I am an out of work "At Home Dad" who has risen from the ashes like an overweight, over worked, under paid phoenix to become a "Domestic God"


Occasionally, even this Domestic God finds himself in an odious position.  I'm not talking about  the norm- like dishes, or laundry or feeding the kids.  No, I am talking about something far more horrifying.  I am talking about a trip to Chuck E. Cheese.

My two sons love, love, love, television.  And, admittedly,  I will sometimes turn over the babysitting duties to the most trust worthy babysitter I know--our big screen tv.  The vortex of Nick or Cartoon Network seems to put a hypnotic spell on my two boys.  Truthfully, I could not care less, as long as they are quiet and not beating the living shit out of each other.  So, it's all good.  But there is a nasty by-product from this television viewing--commercials.

I swear to Christ, there is a commercial instructing impressionable children to demand their parents take them to Chuck E. Cheese about every 7-9 minutes.  You know, "it's the place where a kid can be a kid".  F-that--my parents found a place where I could "be a kid"... at the park down the street.  Anyway, these marketing demons at Chuck E. Cheese have all the tact of the Hitler Youth Movement. But,  I digress.....

After months of incessant badgering by my two young sons, I was  finally beaten into submission.  I was going to accompany them to Chuck E.'s.  God bless my wife, she found some coupons--so that took some of the financial sting out of this perilous excursion.  I was determined to find a way to spend the least amount of time at the "House of Rat" as possible.  

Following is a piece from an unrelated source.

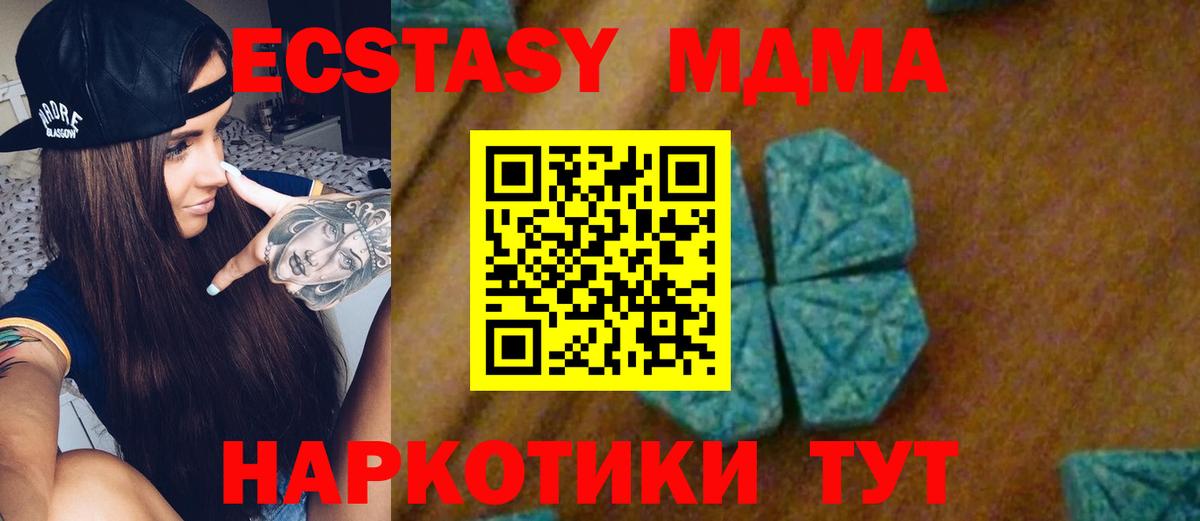 МДМА Molly  MDMA crystal  Малгобек  Вход с VPN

Did you know this f'ing place opens at 9:30 am?  9:30!!!  Are there really people whose children are insistent that they get to this Cheese's joint for breakfast?  Well, as I learned on a cold Sunday morning (Sunday, the day of our Lord); yes-these children exist.  My wife and I figured that this may actually be the best time to go.  The plan was to get in and get out in 90 minutes, or less.

Upon arrival, so help me God, I found myself in the Seventh Ring of Hell.  Although, it was not quite the way Dante had described it.  It sounded like a Vegas casino floor, but without the potential for any type of winning.  The lights and sounds were like kiddy heroin to my boys.  Before they could get their coats off they were in front of the token machine, begging for a fix of those sweet , sweet, bronze game tokens.  Of course, the tokens only come in lots of like 10,000.  And each game took but one single token.  What the hell happened to those car driving games that took like 8 tokens in days of video game yore?  With each of my sons armed with a token bucket (yes C.E.C. hands each patron an bucket) they hit the game room floor.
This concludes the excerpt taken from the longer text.